Em outras palavras, nada no mundo é fortuito e desgarrado de um
sentido secreto. Já dizia Goethe, "tudo não é senão um sinal". E
nosso poeta maior Fernando Pessoa: "Ah, tudo é símbolo e analogia / o
vento que passa, a noite que esfria / são outra coisa que a noite e o
vento - sombra de vida e de pensamento / tudo o que vemos é outra
coisa". Ou ainda o poeta e místico inglês William Blake: importa"ver
o mundo num grão de areia/ e o céu numa flor silvestre/ conter o
infinito na palma da mão/ e a eternidade numa hora".
Por que dizemos tudo isso? Porque estamos na iminência de uma guerra
devastadora movida pela potência belicista maior do mundo contra um
paisinho, o Iraque, governado, certamente, por um tirano sanguinário,
assolado pelas consequências nefastas de anos de embargo comercial,
até sobre remédios. Se fosse um produtor de tâmaras ou de laranjas
ninguém se incomodaria com ele, mesmo que tivesse algumas armas de
destruição em massa, fornecidas pela potência que agora o quer
destruir. Mas ele é o segundo maior produtor de petróleo do mundo,
sangue da máquina industrialista moderna, sem a qual ela pára.
Grande parte da humanidade, com seus melhores líderes,se insurge
contra essa guerra covarde e sem qualquer proporção. Segundo o Comitê
de Emergência da ONU, essa guerra tecnológica deverá sacrificar 500
mil pessoas, ferir dois milhões e provocar 3 milhões de refugiados.
Nesse preciso contexto, há dias, se desintegrou no espaço o ônibus
espacial Columbia, num mar de fogo e de fumaça,vitimando seus 7
triupulantes, coisa que comoveu o mundo inteiro.

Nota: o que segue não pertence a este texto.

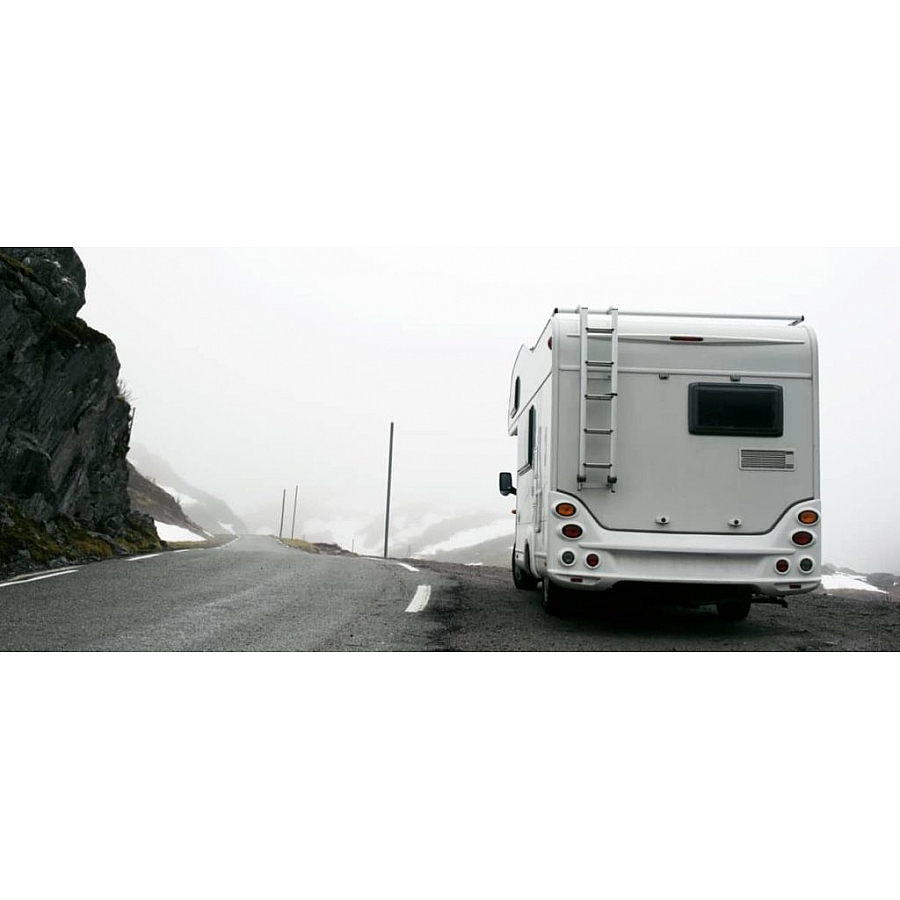 Stromberg Carlson RV Ladders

Lastimável tragédia.
Mas não seria ela um sinal para os EUA e para o Presidente Bush,
chamado por Noam Chomski, de "cowboy de gatilho fácil"? Milhares de
bombas cairão de aviões a 16 mil metros de altura, matando milhares
de civis, sobre os quais Bush não chorará, porque são do eixo do mal
e muçulmanos. Bush alardeia ser um homem de fé, portanto, capaz de
ler nos fatos, sinais, apoiado por 14 mil igrejas evangélicas que o
convencem a lutar contra o anti-cristo, personalizado em Saddam
Hussein. Será que a tragédia do Columbia não é um sinal do céu? Mas
quem acredita ainda nisso? Seguramente Bush não. Nós acreditamos
segundo todas as escrituras pagãs e cristãs.